Der EuGH in seinem Urteil C-123/20 vom 28. 10. 2021 dazu: Ein Geschmacksmuster muss klar erkennbar ist. Andernfalls können die Fachkreise nämlich nicht Kenntnis von dem betreffenden Teil des Erzeugnisses erlangen.

Die Wiedergabe eines Geschmacksmusters muss dieses klar erkennen lassen, damit die Wirtschaftsteilnehmer einschlägige Informationen über die Rechte Dritter erlangen. Das bedeutet keine Pflicht für die Entwerfer, jeden einzelnen Teil ihrer Erzeugnisse, den sie durch ein nicht eingetragenes Gemeinschaftsgeschmacksmuster geschützt sehen möchten, gesondert zu offenbaren. Das Kriterium der Kenntniserlangung der Fachkreise von den die Offenbarung darstellenden Tatsachen setzt allerdings voraus, dass das Geschmacksmuster des Teils oder des Bauelements des Erzeugnisses klar erkennbar ist. Wenn wie im vorliegenden Fall die Offenbarungshandlung in der Veröffentlichung von Abbildungen eines Erzeugnisses besteht, müssen die Merkmale des Teils oder des Bauelements dieses Erzeugnisses, für den bzw. das das Geschmacksmuster beansprucht wird, daher klar sichtbar sein.

In diesem Zusammenhang hat der EuGH darauf hingewiesen, dass es für die Beurteilung der Frage, ob das beanspruchte Geschmacksmuster Eigenart besitzt, möglich sein muss, dieses mit einem anderen Geschmacksmuster zu vergleichen.

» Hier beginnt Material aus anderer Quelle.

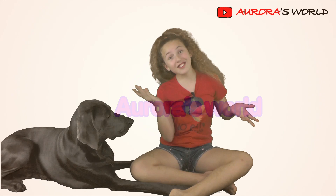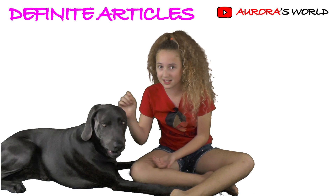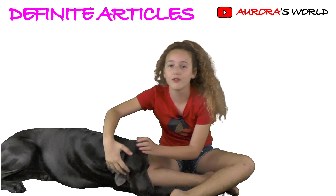Hello guys, I'm Aurora and he's RG and today we're going to teach you the definitive articles. For me they're really hard so I asked him to help me since he's an expert. He feels really excited.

Dafür ist unbedingt eine Abbildung erforderlich, auf der dieses beanspruchte Geschmacksmuster präzise und sicher zu erkennen ist.

Damit die Voraussetzungen für den Schutz als Gemeinschaftsgeschmacksmuster beurteilt werden können, muss daher der in Rede stehende Teil eines Erzeugnisses oder das in Rede stehende Bauelement eines komplexen Erzeugnisses sichtbar und durch Merkmale abgegrenzt sein, die seine besondere Erscheinungsform bilden, d. h. durch Linien, Konturen, Farben, die Gestalt oder eine besondere Oberflächenstruktur. Dies setzt voraus, dass die Erscheinungsform dieses Teils eines Erzeugnisses oder dieses Bauelements eines komplexen Erzeugnisses geeignet sein muss, selbst einen „Gesamteindruck“ hervorzurufen, und nicht vollständig in dem Gesamterzeugnis untergeht.

Im Streit zwischen Ferrari und Mansouri muss das deutsche Gericht nun prüfen, ob der in Rede stehende Teil oder das in Rede stehende Bauelement einen sichtbaren Teilbereich des Erzeugnisses oder des komplexen Erzeugnisses darstellt, der durch Linien, Konturen, Farben, die Gestalt oder eine besondere Oberflächenstruktur klar abgegrenzt ist.